Where are our legislators? Who planned the deal that railroaded the construction of these deadly plants? We need to demolish the two existing Georgia Power burners, stop construction on the new reactors, and truly move toward clean energy. The sun is our natural reactor. Nuclear power is the dirtiest form of energy on this planet.
Kathy Panzella, Powder Springs
ENERGY
Schools should consider a four-day week
With diesel fuel and gasoline costs off the charts, it’s time for metro-area school systems to give very serious consideration to a four-day, 10-hours-per-day school week.
The savings in transportation, utilities and food would far outweigh any parental “inconvenience.”
Local school systems must realize the revenue for public education is going to continue to evaporate. Drastic times call for drastic measures.
Barry Pack, Dallas
HOPE
Surge in tuition costs highly questionable
I have been following closely the changes coming for the HOPE scholarship. News coverage states there was a 16 percent increase in tuition costs over the past year. I question the justification of such a large increase during a period when inflation had flat-lined and the economy was in a recession. We all want our universities to have the funding to provide for quality professors and equipment to properly educate our students, but when the HOPE scholarship is facing a shortfall in funding and students starting next fall will be expected to pay substantially more for their education, I feel it is time that our universities reeled in their costs and shared in the financial pinch.
W. E. Stavro, Suwanee
TRANSPORTATION
A few creative solutions DOT has yet to pursue
Where is Georgia’s creativity hiding? Certainly not in the Georgia Department of Transportation.

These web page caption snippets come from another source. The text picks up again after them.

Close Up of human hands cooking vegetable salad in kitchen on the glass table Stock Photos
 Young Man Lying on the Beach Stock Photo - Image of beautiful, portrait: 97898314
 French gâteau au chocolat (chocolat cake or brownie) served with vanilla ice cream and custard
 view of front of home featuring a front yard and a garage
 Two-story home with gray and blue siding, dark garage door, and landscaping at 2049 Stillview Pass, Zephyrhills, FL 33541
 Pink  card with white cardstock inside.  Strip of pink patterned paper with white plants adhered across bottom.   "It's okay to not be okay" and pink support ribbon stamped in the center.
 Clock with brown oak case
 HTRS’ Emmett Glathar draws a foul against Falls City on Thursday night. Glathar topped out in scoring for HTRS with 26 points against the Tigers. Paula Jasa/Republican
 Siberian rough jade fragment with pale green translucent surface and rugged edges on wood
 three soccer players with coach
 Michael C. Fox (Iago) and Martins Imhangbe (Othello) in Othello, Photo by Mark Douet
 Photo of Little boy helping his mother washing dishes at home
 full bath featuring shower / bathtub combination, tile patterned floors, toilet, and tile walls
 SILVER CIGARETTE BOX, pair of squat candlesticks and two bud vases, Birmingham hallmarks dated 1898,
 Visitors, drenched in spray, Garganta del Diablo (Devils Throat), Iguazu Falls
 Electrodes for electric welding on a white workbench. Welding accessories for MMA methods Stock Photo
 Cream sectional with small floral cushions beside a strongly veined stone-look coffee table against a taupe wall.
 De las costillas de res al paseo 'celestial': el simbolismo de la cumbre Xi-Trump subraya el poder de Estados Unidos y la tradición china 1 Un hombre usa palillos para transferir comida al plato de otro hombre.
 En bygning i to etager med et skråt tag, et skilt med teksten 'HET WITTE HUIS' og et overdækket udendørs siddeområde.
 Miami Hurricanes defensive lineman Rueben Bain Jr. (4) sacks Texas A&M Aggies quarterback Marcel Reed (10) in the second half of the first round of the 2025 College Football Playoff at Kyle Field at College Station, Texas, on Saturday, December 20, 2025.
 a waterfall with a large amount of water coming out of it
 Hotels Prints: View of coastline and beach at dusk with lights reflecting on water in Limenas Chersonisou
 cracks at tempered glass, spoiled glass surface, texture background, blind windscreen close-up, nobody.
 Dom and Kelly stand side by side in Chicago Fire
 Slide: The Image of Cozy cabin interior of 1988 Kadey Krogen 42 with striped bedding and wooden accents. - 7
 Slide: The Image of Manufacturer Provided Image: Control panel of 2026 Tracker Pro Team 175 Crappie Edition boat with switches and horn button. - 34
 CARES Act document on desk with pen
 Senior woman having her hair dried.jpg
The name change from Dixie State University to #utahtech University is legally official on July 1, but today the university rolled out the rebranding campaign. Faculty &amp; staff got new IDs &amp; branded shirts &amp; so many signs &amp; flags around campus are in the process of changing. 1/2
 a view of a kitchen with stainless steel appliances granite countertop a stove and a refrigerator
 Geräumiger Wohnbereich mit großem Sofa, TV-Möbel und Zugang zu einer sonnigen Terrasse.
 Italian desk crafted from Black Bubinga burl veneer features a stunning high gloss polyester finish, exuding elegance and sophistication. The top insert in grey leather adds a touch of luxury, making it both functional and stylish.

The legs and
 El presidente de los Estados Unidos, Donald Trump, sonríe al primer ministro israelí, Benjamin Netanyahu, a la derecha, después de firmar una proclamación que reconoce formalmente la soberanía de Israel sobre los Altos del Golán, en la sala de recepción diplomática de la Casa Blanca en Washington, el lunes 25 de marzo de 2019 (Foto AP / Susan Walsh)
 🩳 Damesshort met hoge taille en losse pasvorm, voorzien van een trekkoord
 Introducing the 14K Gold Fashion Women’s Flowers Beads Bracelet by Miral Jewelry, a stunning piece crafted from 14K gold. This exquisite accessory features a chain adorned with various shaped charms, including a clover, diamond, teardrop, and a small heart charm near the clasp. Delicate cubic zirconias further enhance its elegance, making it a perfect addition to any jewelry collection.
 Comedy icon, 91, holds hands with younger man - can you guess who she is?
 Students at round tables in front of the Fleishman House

The DOT could do metro Atlanta a great service by objectively comparing the fully allocated gross cost and complexity of constructing miles of new toll lanes and linguine junctions, and the unlikelihood of comprehensively “solving” I-75 and I-575 bottlenecks.
The transportation grant sought could much more effectively address the region’s transport ills by funding the extension of MARTA’s green line to Kennesaw, with near-term single track extensions to both Canton and perhaps Carpentersville, while removing impact upon already-overburdened NS and CSX freight rails.